[Assignment]
The reply should contain every entry exactly as given, with no pictures in it.

[Extracted material]
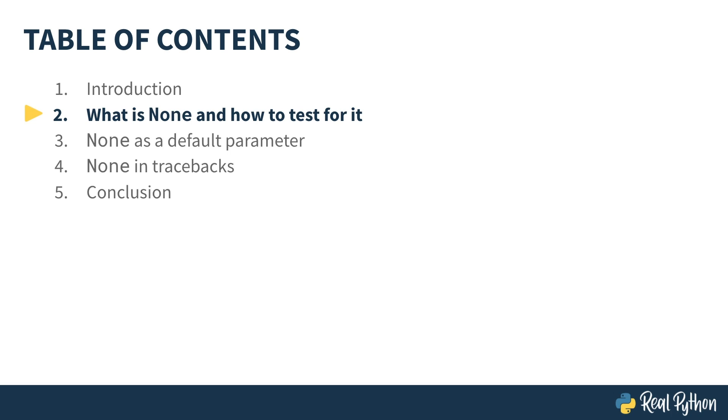Welcome back. This is the second video in this tutorial, and here I'm going to tell you a bit more about None and how to test for it.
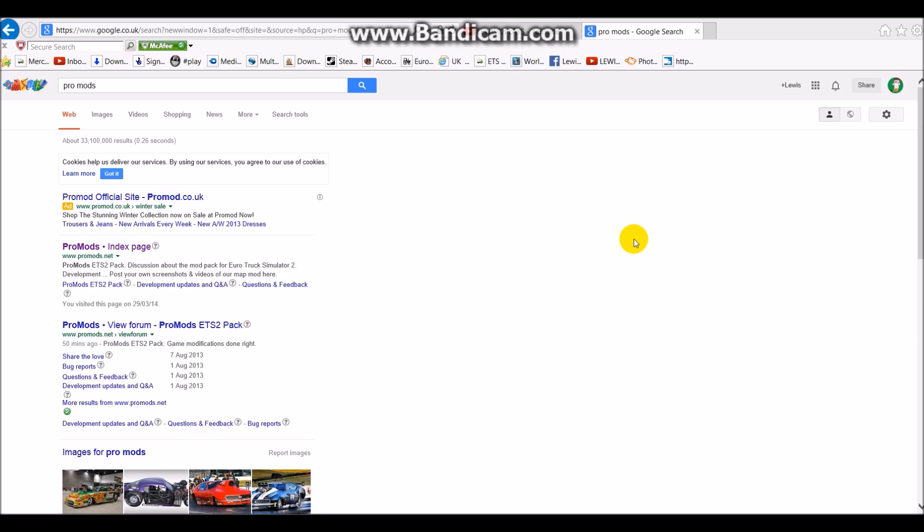It is quarter to ten. I am currently waiting for the Formula 1 highlights to come on. I believe Lewis Hamilton won, Great Britain, UK, we rule, Mercedes for the win.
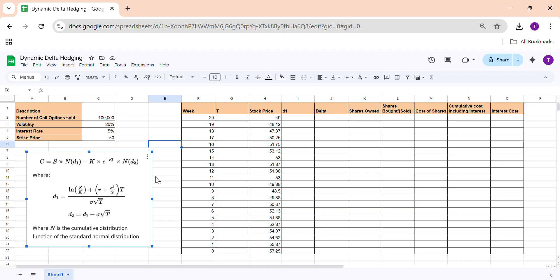For example, if you are long one call option with a delta of 0.6, it means if your underlying spot moves by one unit, your option price will change by 0.6 units. To hedge, you short 0.6 shares of the underlying. If the underlying moves by one unit, the call gains 0.6 but the short share position loses 0.6, so the total position is neutral — the hedge reduces your directional risk.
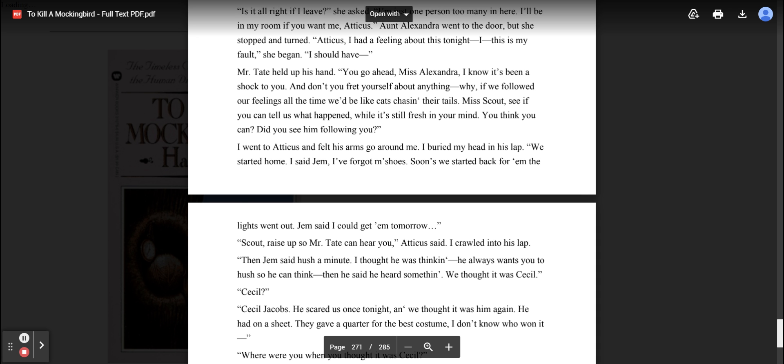Miss Scout, see if you can tell us what happened while it's still fresh in your mind. You think you can? Did you see him following you? I went to Atticus and felt his arms go around me. I buried my head in his lap. We started home. I said, Jem, I've forgotten my shoes. Soon as we start back for them, the lights went out. Jem said I could get them tomorrow. Then Jem said hush a minute. I thought he was thinking. He always wants you to hush so he can think. Then he said he heard something.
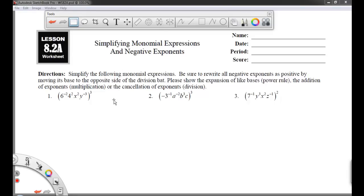Welcome. This is Mr. Gee with a video covering the material we're going over in my algebra class. We've already covered simplifying monomials with just positive exponents. Now we're covering the idea of simplifying monomials and learning how to deal with negative exponents. The directions read: simplify the following monomial expressions. Be sure to write all negative exponents as positive by moving its base to the opposite side of the division bar. Please show the expansion of like bases when using the power rule, the addition of exponents when using multiplication, or the cancellation of exponents when using division.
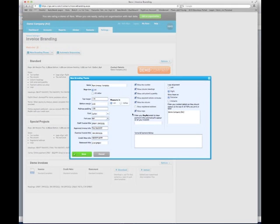Options you can then configure include showing your logo — you can tick or untick that. You definitely want to be showing your tax number, which is your ABN. There are also other things to display or not display, such as unit, quantity, price, and so on.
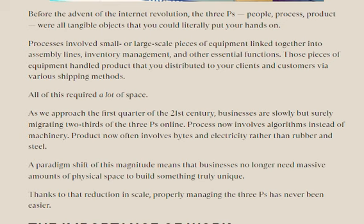Before the advent of the internet, the three P's — people, process, and product — were all tangible. Processes involved physical assembly lines, inventory management, and other essential actions. As we approach the first quarter of the 21st century, businesses are slowly but surely migrating much of the three P's online, with processes now driven by algorithms instead of machinery. Thank you for watching the video.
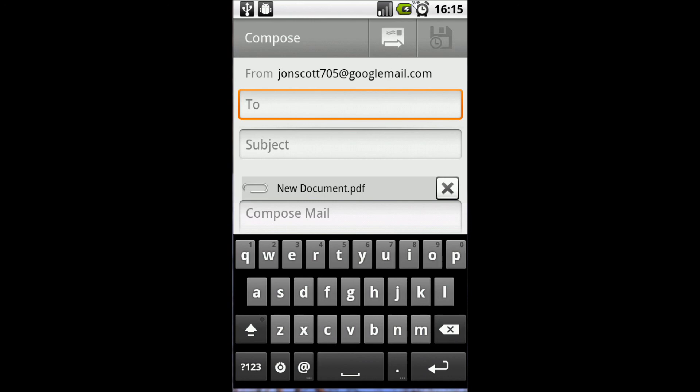We can just enter our email address, press send, and we can send it to friends, colleagues, or email it to ourselves. Then we can have that on our home computer or laptop to refer to at a later date. I hope this has been helpful. Thanks very much for watching.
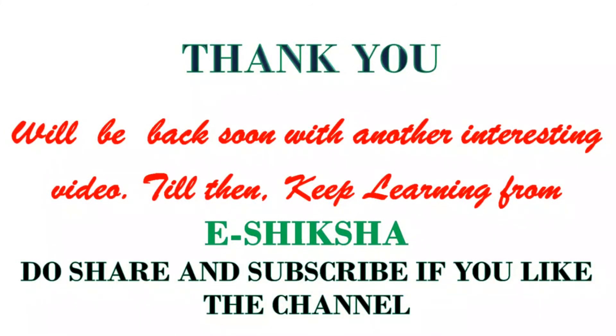Hope you have understood the code for math.pow. Thank you so much for watching this video. We'll be back soon with another interesting video. Till then, keep learning from A. Shiksha. Do share and subscribe if you like the channel. Thank you so much.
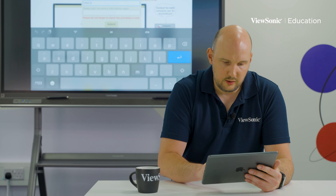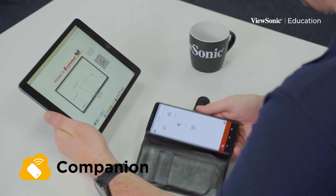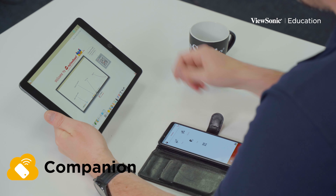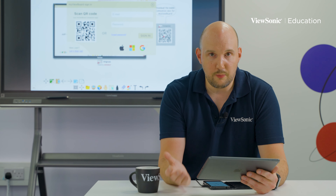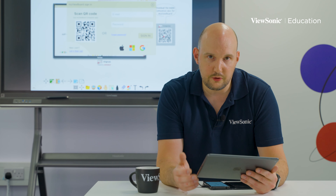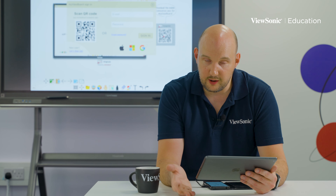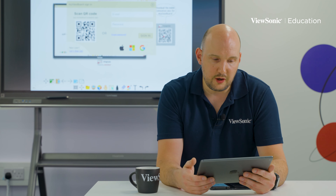To sign in I'm going to use my mobile phone with the companion app, which makes things a bit quicker. I'll scan the QR code on the screen, and that will sign me in — you can use your Microsoft account, Google account, or Apple account to connect.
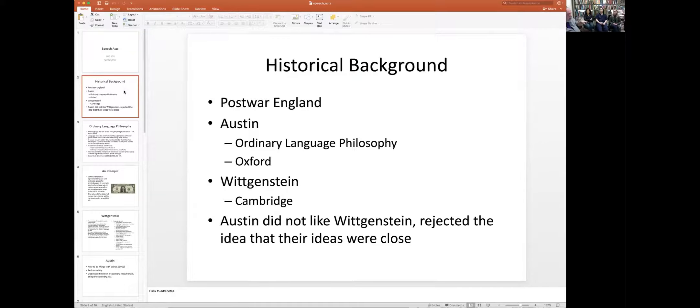Where does speech act theory come from? The historical background: it started in postwar England, around the 1945–1950s era, with the work of two very different scholars. Ironically, one was at Oxford — Austin — and the other was at Cambridge — Wittgenstein. Austin was aware of Wittgenstein and didn't like his work at all. I don't know that Wittgenstein was aware of Austin's work.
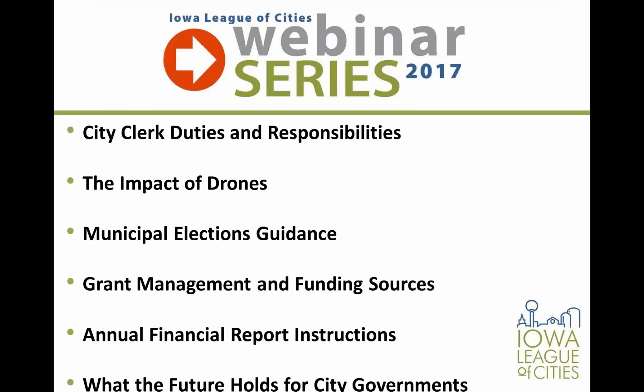Hello and welcome to the Annual Financial Report Instructions webinar. This is Mickey Shields with the Iowa League of Cities, and we hope you find this webinar helpful along with other options in this year's series.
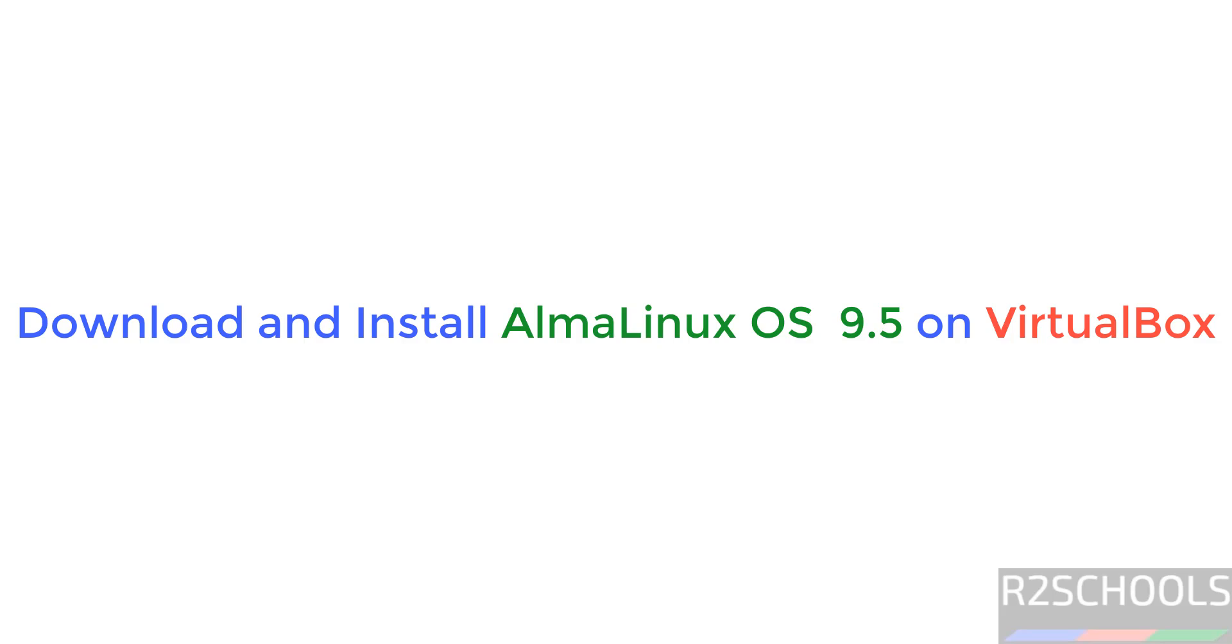Hello guys, in this video we will see how to download and install Alma Linux 9.5 on VirtualBox.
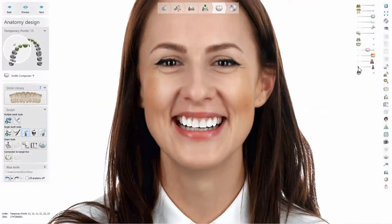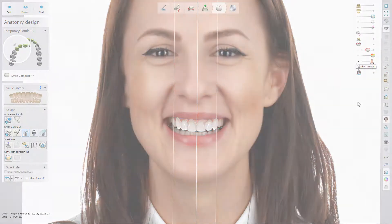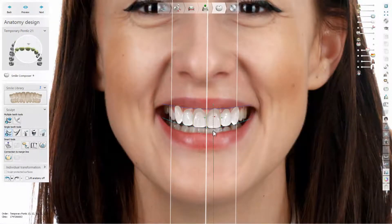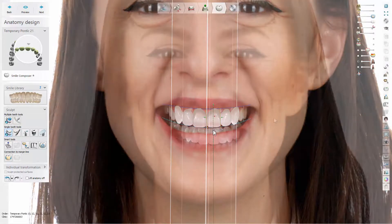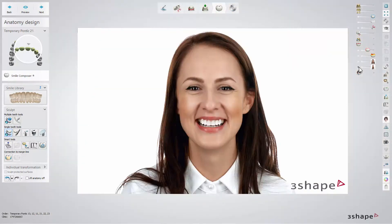Once both are aligned, you can freely switch between these pictures. Use the Smile Design picture to guide the restoration design according to the treatment plan, and use the Smile Picture to assess the design.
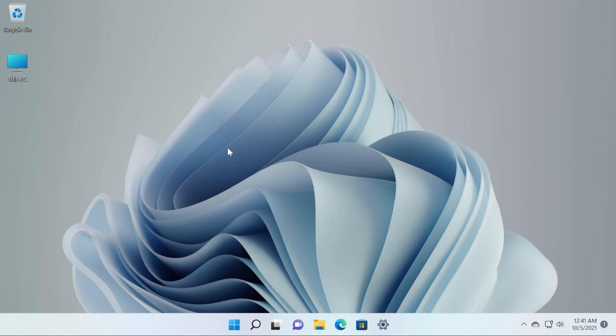Hi guys and welcome to TechBased. Today, Microsoft released the first stable build of Windows 11.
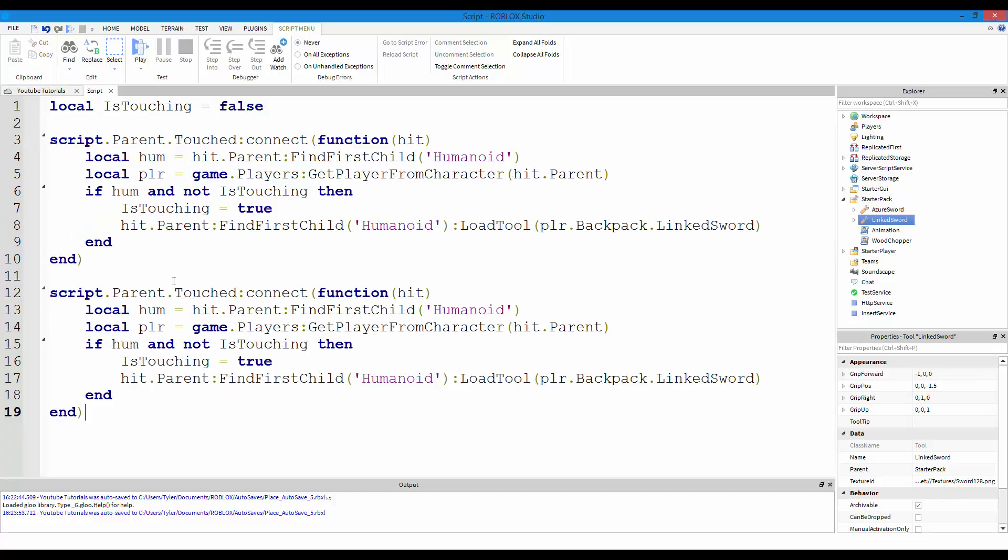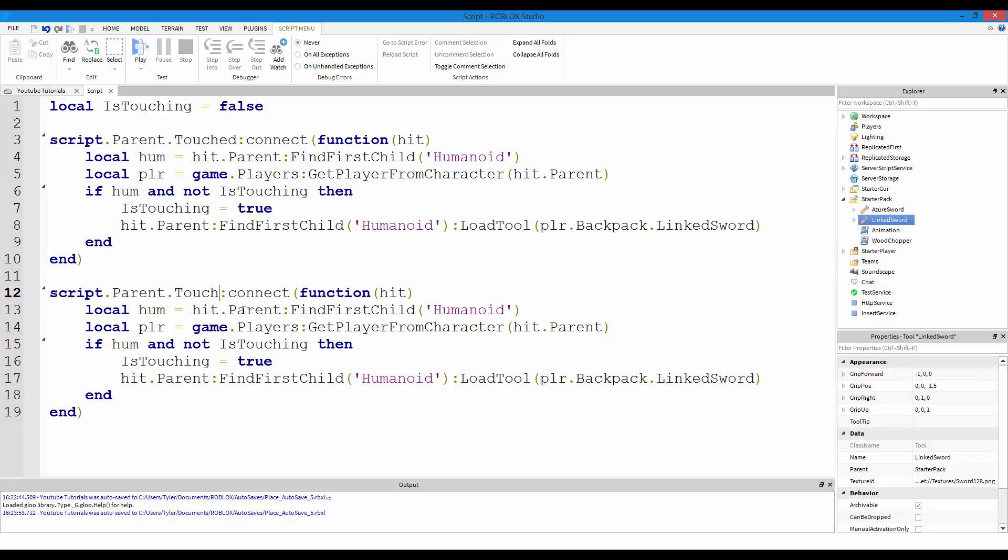Copy this all that, paste it, and then instead of touched we want to do touch, capital T. Make sure it's not touched, make sure it's just touch stopped.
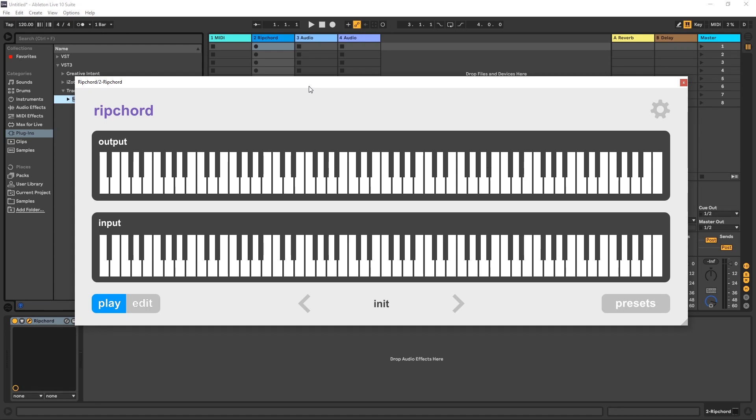Hey, what's up everybody? This is Joshua Casper back at you with another video tutorial. Today we're checking out Ripcord, which is a brand new, completely free VST3 from TrackBout. And it's very simple to use and very powerful.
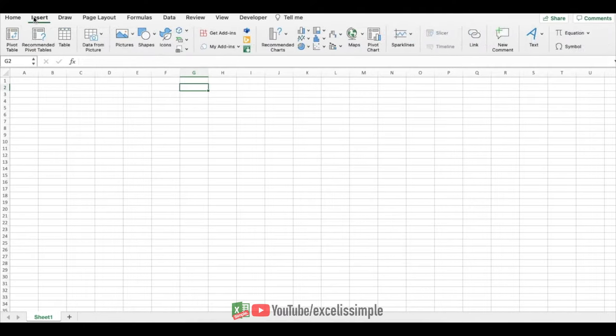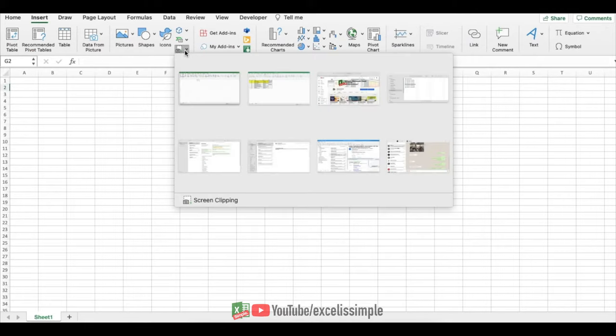Go to the insert menu and here you can see, take a screenshot button. Just click over here and all your active windows will pop up.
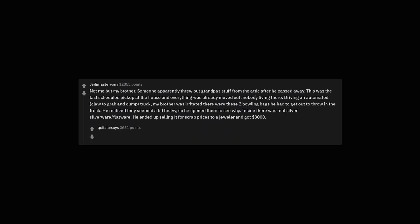Not me but my brother. Someone apparently threw out grandpa's stuff from the attic after he passed away. This was the last scheduled pick up at the house and everything was already moved out, nobody living there. Driving an automated claw to grab and dump truck, my brother was irritated there were these 2 bowling bags he had to get out to throw in the truck. He realized they seemed a bit heavy, so he opened them to see why. Inside there was real silver silverware, flatware. He ended up selling it for scrap prices to a jeweler and got $3,000. Raises the question of what it was actually worth.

[Output of the exercise]
Welcome back. This is the second video in this tutorial, and here I'm going to tell you a bit more about None and how to test for it.
It is quarter to ten. I am currently waiting for the Formula 1 highlights to come on. I believe Lewis Hamilton won, Great Britain, UK, we rule, Mercedes for the win.
For example, if you are long one call option with a delta of 0.6, it means if your underlying spot moves by one unit, your option price will change by 0.6 units. To hedge, you short 0.6 shares of the underlying. If the underlying moves by one unit, the call gains 0.6 but the short share position loses 0.6, so the total position is neutral — the hedge reduces your directional risk.
Miss Scout, see if you can tell us what happened while it's still fresh in your mind. You think you can? Did you see him following you? I went to Atticus and felt his arms go around me. I buried my head in his lap. We started home. I said, Jem, I've forgotten my shoes. Soon as we start back for them, the lights went out. Jem said I could get them tomorrow. Then Jem said hush a minute. I thought he was thinking. He always wants you to hush so he can think. Then he said he heard something.
Welcome. This is Mr. Gee with a video covering the material we're going over in my algebra class. We've already covered simplifying monomials with just positive exponents. Now we're covering the idea of simplifying monomials and learning how to deal with negative exponents. The directions read: simplify the following monomial expressions. Be sure to write all negative exponents as positive by moving its base to the opposite side of the division bar. Please show the expansion of like bases when using the power rule, the addition of exponents when using multiplication, or the cancellation of exponents when using division.
Options you can then configure include showing your logo — you can tick or untick that. You definitely want to be showing your tax number, which is your ABN. There are also other things to display or not display, such as unit, quantity, price, and so on.
Before the advent of the internet, the three P's — people, process, and product — were all tangible. Processes involved physical assembly lines, inventory management, and other essential actions. As we approach the first quarter of the 21st century, businesses are slowly but surely migrating much of the three P's online, with processes now driven by algorithms instead of machinery. Thank you for watching the video.
We can just enter our email address, press send, and we can send it to friends, colleagues, or email it to ourselves. Then we can have that on our home computer or laptop to refer to at a later date. I hope this has been helpful. Thanks very much for watching.
Hope you have understood the code for math.pow. Thank you so much for watching this video. We'll be back soon with another interesting video. Till then, keep learning from A. Shiksha. Do share and subscribe if you like the channel. Thank you so much.
To sign in I'm going to use my mobile phone with the companion app, which makes things a bit quicker. I'll scan the QR code on the screen, and that will sign me in — you can use your Microsoft account, Google account, or Apple account to connect.
Where does speech act theory come from? The historical background: it started in postwar England, around the 1945–1950s era, with the work of two very different scholars. Ironically, one was at Oxford — Austin — and the other was at Cambridge — Wittgenstein. Austin was aware of Wittgenstein and didn't like his work at all. I don't know that Wittgenstein was aware of Austin's work.
Hello and welcome to the Annual Financial Report Instructions webinar. This is Mickey Shields with the Iowa League of Cities, and we hope you find this webinar helpful along with other options in this year's series.
Hello guys, in this video we will see how to download and install Alma Linux 9.5 on VirtualBox.
Once both are aligned, you can freely switch between these pictures. Use the Smile Design picture to guide the restoration design according to the treatment plan, and use the Smile Picture to assess the design.
Hi guys and welcome to TechBased. Today, Microsoft released the first stable build of Windows 11.
Copy this all that, paste it, and then instead of touched we want to do touch, capital T. Make sure it's not touched, make sure it's just touch stopped.
Hey, what's up everybody? This is Joshua Casper back at you with another video tutorial. Today we're checking out Ripcord, which is a brand new, completely free VST3 from TrackBout. And it's very simple to use and very powerful.
Go to the insert menu and here you can see, take a screenshot button. Just click over here and all your active windows will pop up.
Not me but my brother. Someone apparently threw out grandpa's stuff from the attic after he passed away. This was the last scheduled pick up at the house and everything was already moved out, nobody living there. Driving an automated claw to grab and dump truck, my brother was irritated there were these 2 bowling bags he had to get out to throw in the truck. He realized they seemed a bit heavy, so he opened them to see why. Inside there was real silver silverware, flatware. He ended up selling it for scrap prices to a jeweler and got $3,000. Raises the question of what it was actually worth.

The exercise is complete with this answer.